La numérisation accélère le futur de la médecine: chercheurs et entreprises innovantes suivent 4 tendances dans le domaine des sciences de la vie

On continue, avec l’Observatoire des Tendances, à s’intéresser aux tendances qui, en 2017, vont traverser les secteurs industriels clés de la Wallonie. Voici celles qui vont bouleverser notre rapport à la médecine. Entretien avec Vassil Kolarov.

Vassil Kolarov, en poste à Genève, est un Agent de Liaison Scientifique (ALS) de Wallonie-Bruxelles International (WBI). Implantés au sein des universités dans 5 pays, ceux-ci contribuent à la promotion des compétences de Recherche et Innovation de notre Fédération Wallonie-Bruxelles. Outre le réseau des attachés économiques et commerciaux de l’ AWEX, l’Observatoire des tendances compile également les rapports de ces agents.

futur de la médecineSelon Vassil Kolarov, on doit imaginer le futur de la médecine notamment sous l’angle de sa numérisation.

De nombreux outils ont aujourd’hui envahi le marché pour permettre à tout un chacun de mesurer son état de santé – d’où notamment l’émergence du Quantified self (le « soi quantifié ») grâce aux objets connectés. Ces masses de données sont précieuses pour les entreprises, qui tentent de créer de nouveaux services et produits en les exploitant.

Pour cet expert, le futur de la médecine, est résumé par le mot-clé MP4 : médecine préventive, prédictive, personnalisée et participative.

 

 

La médecine prédictive est celle qui prédit les probabilités d’un individu de développer telle ou telle maladie dans un futur donné.

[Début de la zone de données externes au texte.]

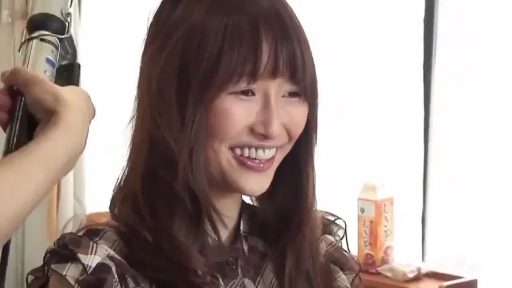 室内 · 坐姿 · 脸部特写 · 长发 · 大笑 · 整理头发 · 格子连衣裙 · 卷发棒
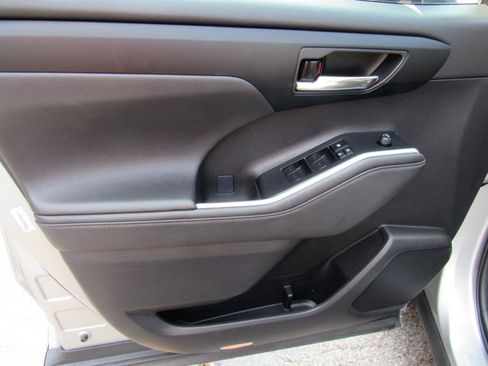 Used 2024 Toyota Highlander XSE FWD image 14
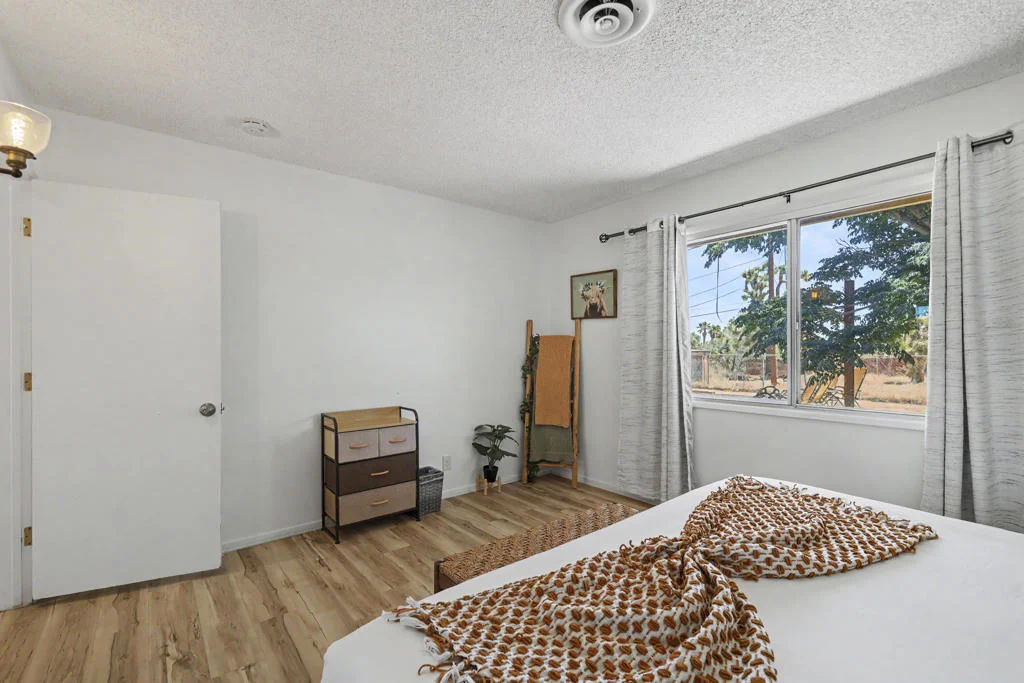 Photo of 7603 Fox Trail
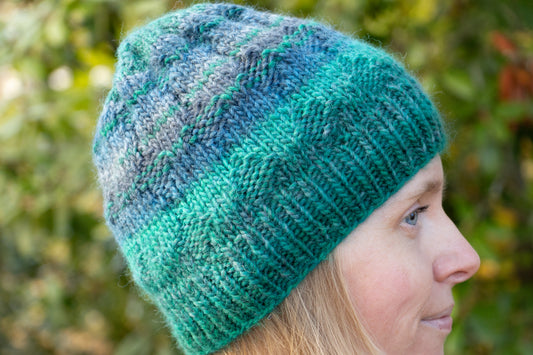 Grün-blau-melierte Beanie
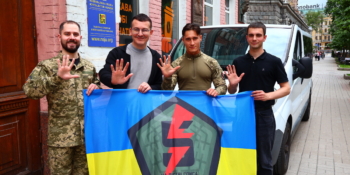 Журналісти для фронту: НСЖУ передала мікроавтобус військовим 5-ї штурмової бригади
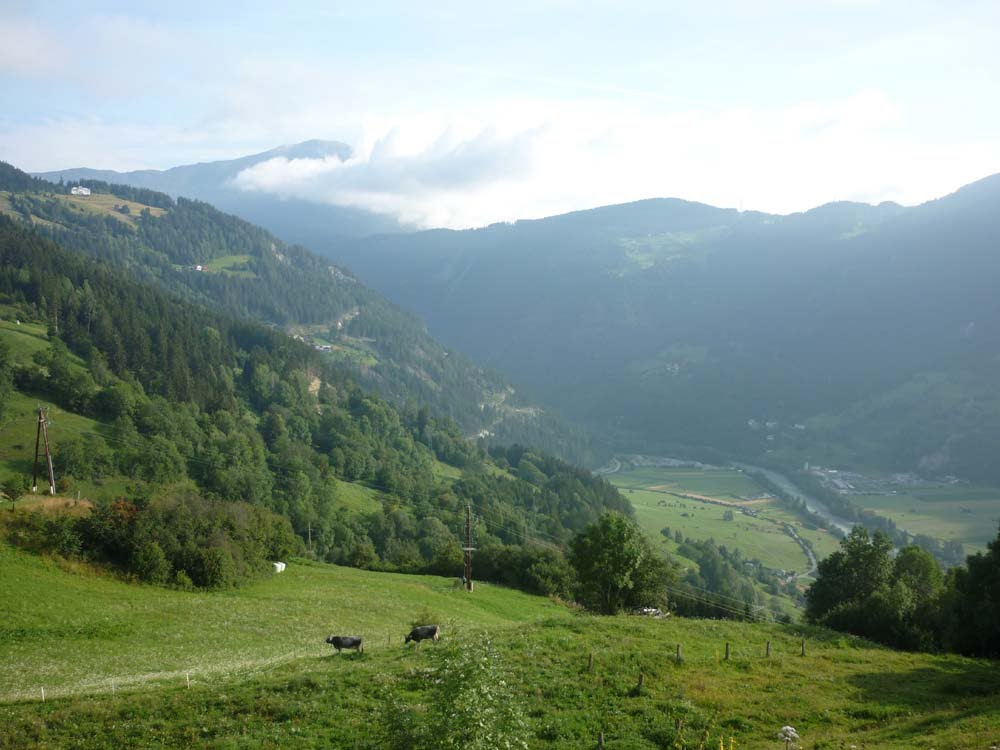 Blick von Ladis aus ins Oberinntal by Yarkssen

Tout comme la médecine personnalisée, la médecine préventive connait un essor considérable. Elle s’appuie sur les progrès dans le domaine du séquençage et de la bioinformatique. Séquencer un génome coûtait plus d’un million d’euros et prenait 3 mois il y a à peine 20 ans. Aujourd’hui, ce séquençage se réalise en moins de 24h et coûte 1000 dollars.

Parallèlement, les progrès dans la digitalisation des données permettent de développer des analyses poussées et d’identifier rapidement des mutations parmi la masse d’informations générées par le séquençage.

Modéliser un individu et prédire les maladies

Mais avant même l’analyse des génomes, nous sommes aujourd’hui entourés d’énormément de données, qui permettent d’analyser notre style de vie. Les outils nous permettent de modéliser un individu et ainsi prédire les maladies qui peuvent survenir. C’est cela aussi le futur de la médecine.

Au-delà des tests sanguins et de l’ADN, certaines startups se focalisent sur d’autres éléments : l’analyse de l’acide ribonucléique (ARN) qui joue un rôle clé dans la génétique. A la différence de l’ADN, l’ARN exprime l’influence du style de vie d’un individu sur son état de santé (alimentation, âge, activités physiques).

futur de la médecine

« En étudiant l’ARN, on dispose donc d’une lecture de ces facteurs dynamiques », explique Jarrett Glasscock, co-fondateur et CEO de Cofactor Genomics. Cette entreprise américaine a mis au point une plateforme d’analyse permettant la détection avancée de cancers et de maladies neurologiques. Son fondateur parle déjà de la médecine 3.0, où le patient traque en direct l’état de sa santé et est averti des risques imminents.

 

 


La médecine personnalisée est celle qui permet de connaître la nature exacte d’une maladie donnée (p.ex. tumeur cancéreuse) afin de mettre en place un traitement personnalisé, ciblé, le plus adéquat possible.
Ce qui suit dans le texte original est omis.